- Born: 1942 (age 83–84) Sirsa, Prayagraj, Uttar Pradesh, India
- Education: Government College of Art and Craft, Kolkata University of Allahabad
- Occupations: Artist, writer, art Historian
- Employers: Allahabad University (retired); Prayag Sangeet Samiti (Dean);
- Awards: Padma Shri (2025) Indu Rakshita Award (1965)

= Shyam Bihari Agrawal =

Indian artist and writer (born 1942)

Shyam Bihari Agrawal is an Indian artist, writer, and former academic from Prayagraj, Uttar Pradesh. In 2025, he was honoured with the Padma Shri by the Government of India for his contributions to the field of arts.

== Early life and education ==
Agrawal was born in 1942 in Sirsa. Prayagraj (formerly Allahabad), Uttar Pradesh. After completing his early education locally, he earned a five-year postgraduate diploma from the Government College of Art and Craft, Kolkata, which he completed on 4 January 1968. He was mentored by painter Kshitindranath Mazumdar.

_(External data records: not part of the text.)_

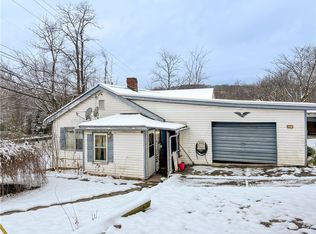 497 Three Mile Hl, Mount Pleasant, PA 15666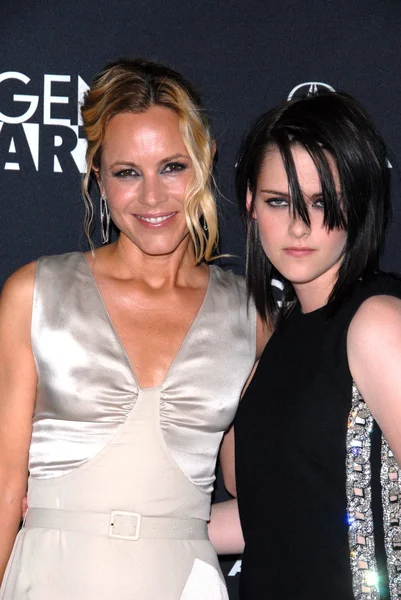 Maria Bello και Kristen Stewart στο Λος Άντζελες "Το κίτρινο μαντήλι" Premiere, Ειρηνικού Design Center, West Hollywood, Ca. 18-02-10 — Φωτογραφία Αρχείου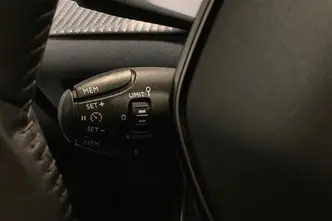Peugeot 2008, elekter, automaat, esivedu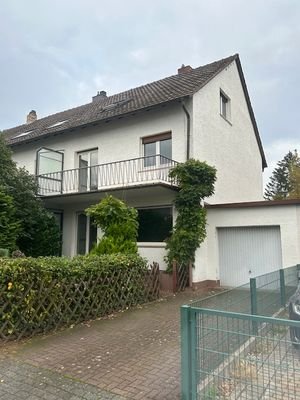 Hausansicht mit Garage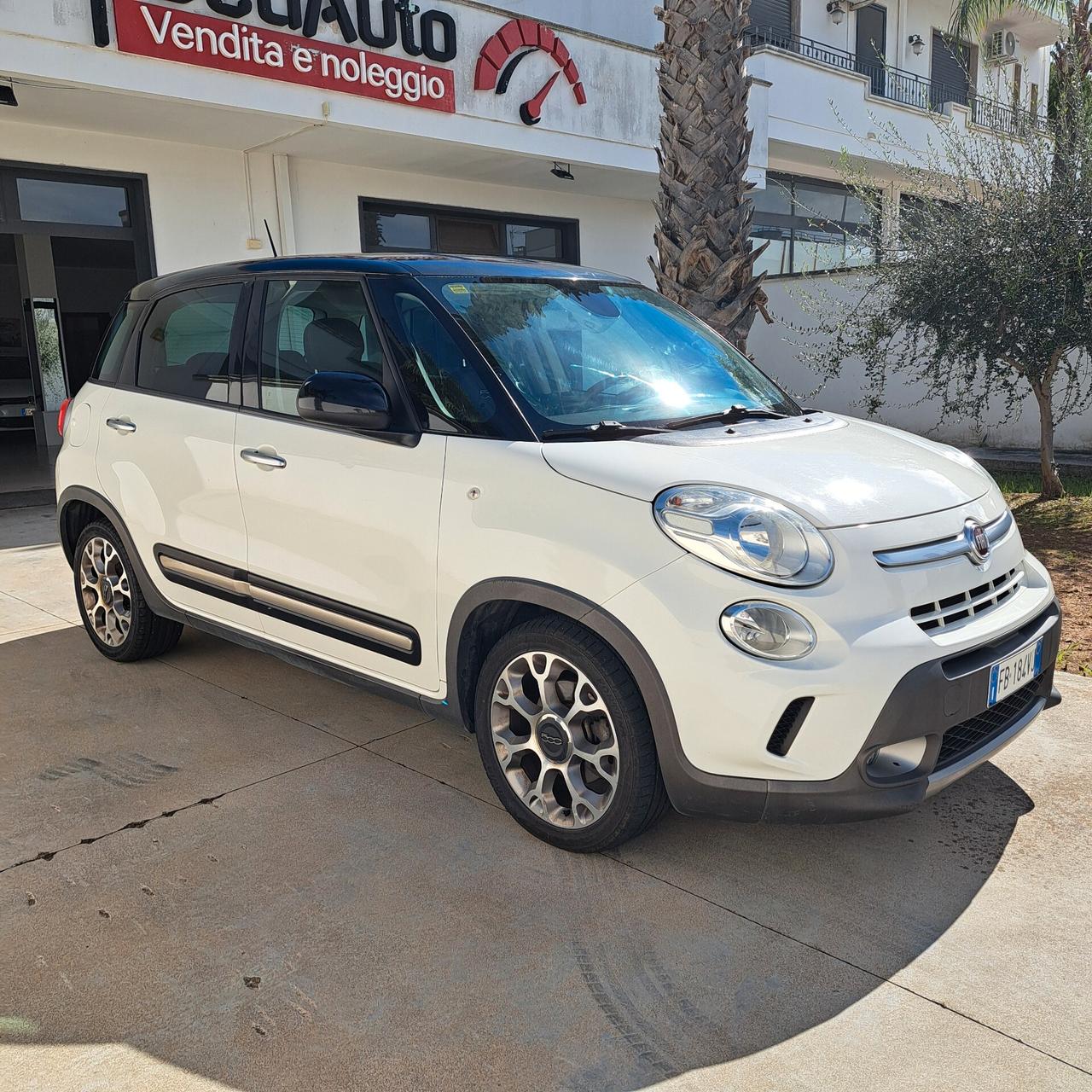 Fiat 500L 1.6 Multijet 105 CV Trekking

In 1979, he received a Doctor of Philosophy (D.Phil.) degree from University of Allahabad for his dissertation titled “Bharatiya Chitrakala Mein Reetikaleen Sahitya Ki Abivyakti”, which explored how classical Hindi literature is reflected in Indian painting.

== Career ==
Agrawal began his academic career in 1968 as a lecturer in the Department of Painting at Allahabad University. He taught there for 35 years before retiring in 2003. After retirement, he joined Prayag Sangeet Samiti in Prayagraj where he established the Faculty of Visual Arts and served as Dean. He was also a visiting professor at Indira Kala Sangeet Vishwavidyalaya in Khairagarh.

Throughout his career, he participated in art workshops and seminars organized by institutions including Lalit Kala Akademi and various museums and universities. He was nominated as a member of the State Academy of Fine Arts in Lucknow, where he contributed to art education and edited the academy’s publication Kala Trimasik. He also wrote a monograph on Kshitindranath Mazumdar, which was published by the academy.

Agrawal has served on academic and research committees of universities such as Mahatma Gandhi Chitrakoot Gramodaya Vishwavidyalaya and Kanpur University.

== Awards and recognition ==
Agarwal received the Indu Rakshita Award in 1965 for his painting Veni Gunthan in the Mewar style, and was honoured with the Padma Shri in 2025 in the Arts category.